500 years ago from April 17-18, 1521, Martin Luther appeared before the imperial assembly in Worms, a major event in the history of the church. Dr. Andrea Grünhagen, in charge of the church and theology division at the Hannover headquarters of the Independent Evangelical Lutheran Church in Germany (Selbständige Evangelisch-Lutherische Kirche), explains the significance of this event:
by Andrea Grünhagen
Luther in Worms! It’s easy to imagine this image in your mind’s eye, the lowly monk standing up to the emperor and the assembled leaders. And in general, the life of the Reformer does seem like a series of impressive scenes, each of which seems to serve as an example to be emulated, depending on one’s personal predilection. In humour, one could observe: some think that Lutherans should be able to sing like Luther; or get married like Luther. Others say we should take a firm stand like Luther, always ready to oppose injustice.
But originally it was not a question of opposition, as if Luther was intent to really give the emperor a piece of his mind. It was the other way around. The young Emperor Charles V had opened the imperial assembly in January of 1521. Various problems were to be dealt with concerning the Holy Roman Empire of the German Nation. At the outset the dispute about Luther was not on the agenda. Only at the insistence of Luther’s ruler, Frederick the Wise, did this become a topic to be discussed. And Luther thought he’d be given the opportunity to defend himself and his teachings before the assembly. He had been promised safe conduct. But appearing before this august gathering on April 17, the only question to be dealt with was whether he was willing to recant his writings. No discussion. Yes or No.

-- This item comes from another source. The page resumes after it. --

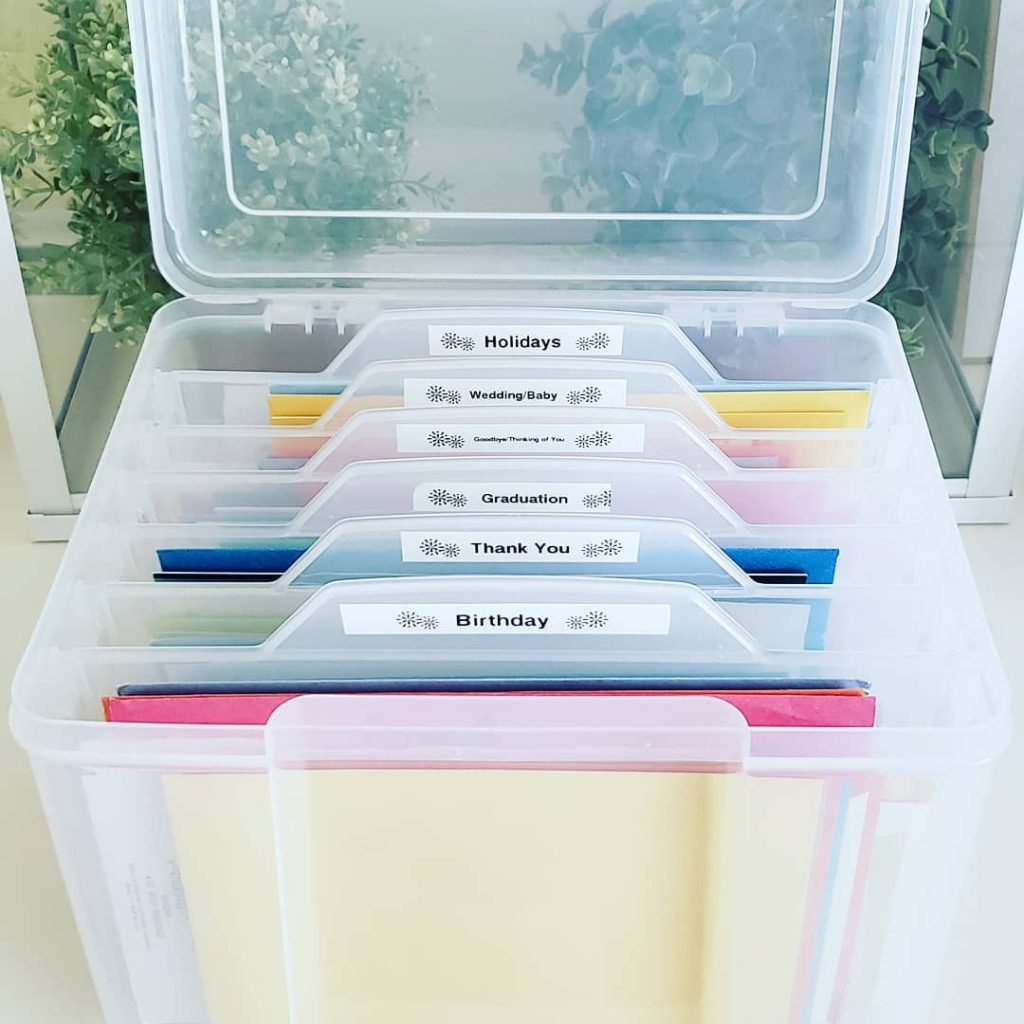 The Best Greeting Card Organization Ideas: Let's Organize Our Cards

After a day of consideration he made the famous statement that ended with these words: “If I am not overcome by the witness of Holy Scripture or on the basis of clear reasoning—for I neither believe the pope nor the church councils alone, since it is evident that they have often been shown to be in error and have contradicted themselves—I therefore remain convinced by my quotations from the Scriptures and with my conscience being captive to God’s Word. I cannot and will not recant, because it is neither certain nor salutary to act against your conscience. God help me. Amen.”

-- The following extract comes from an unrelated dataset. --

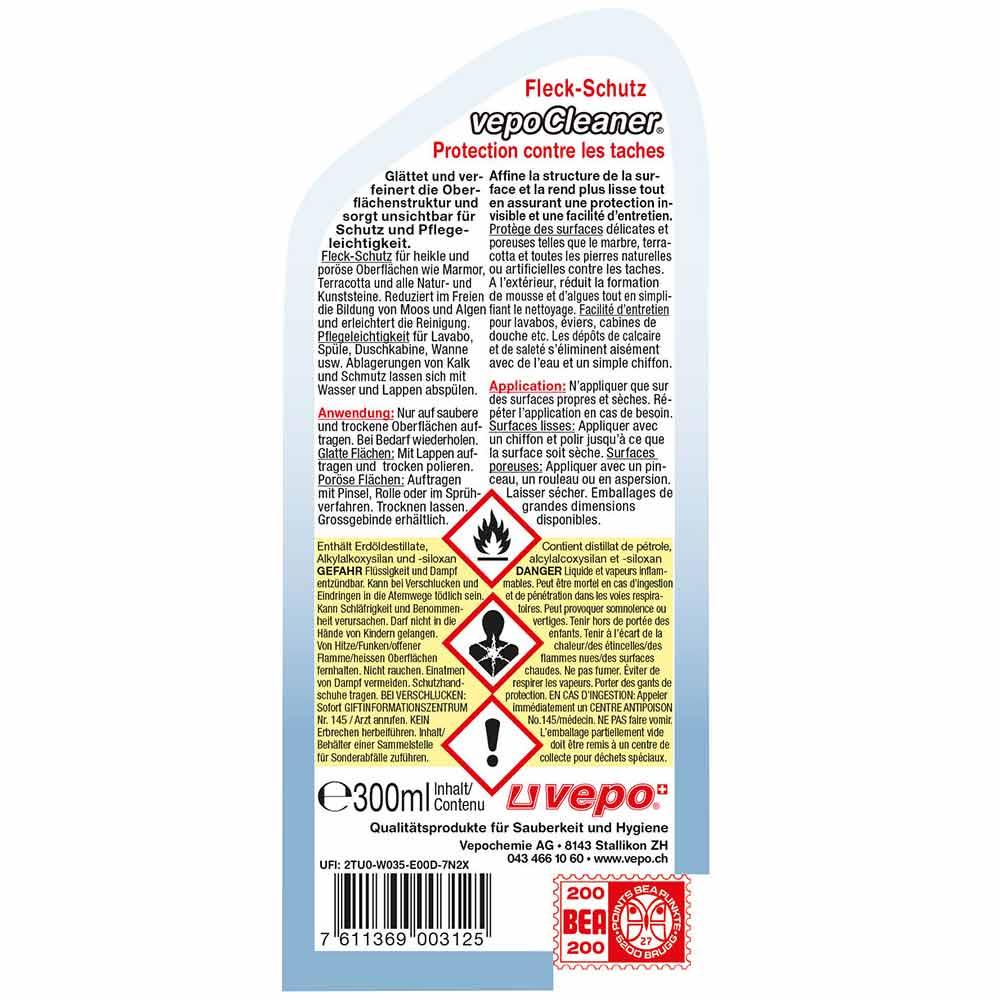 Vepocleaner Fleck Schutz Flächenimprägnier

That’s what he said. The famous phrase “Here I Stand” is a rather free summary of his remarks. But the point at hand is not why someone might be convinced that he cannot do otherwise; the point is the conscience that is bound by the Word of God! Everyone must for himself hear and follow this admonition not to act against the conscience that is bound by the Word of God—just as Luther had to struggle with this before the emperor and the nation.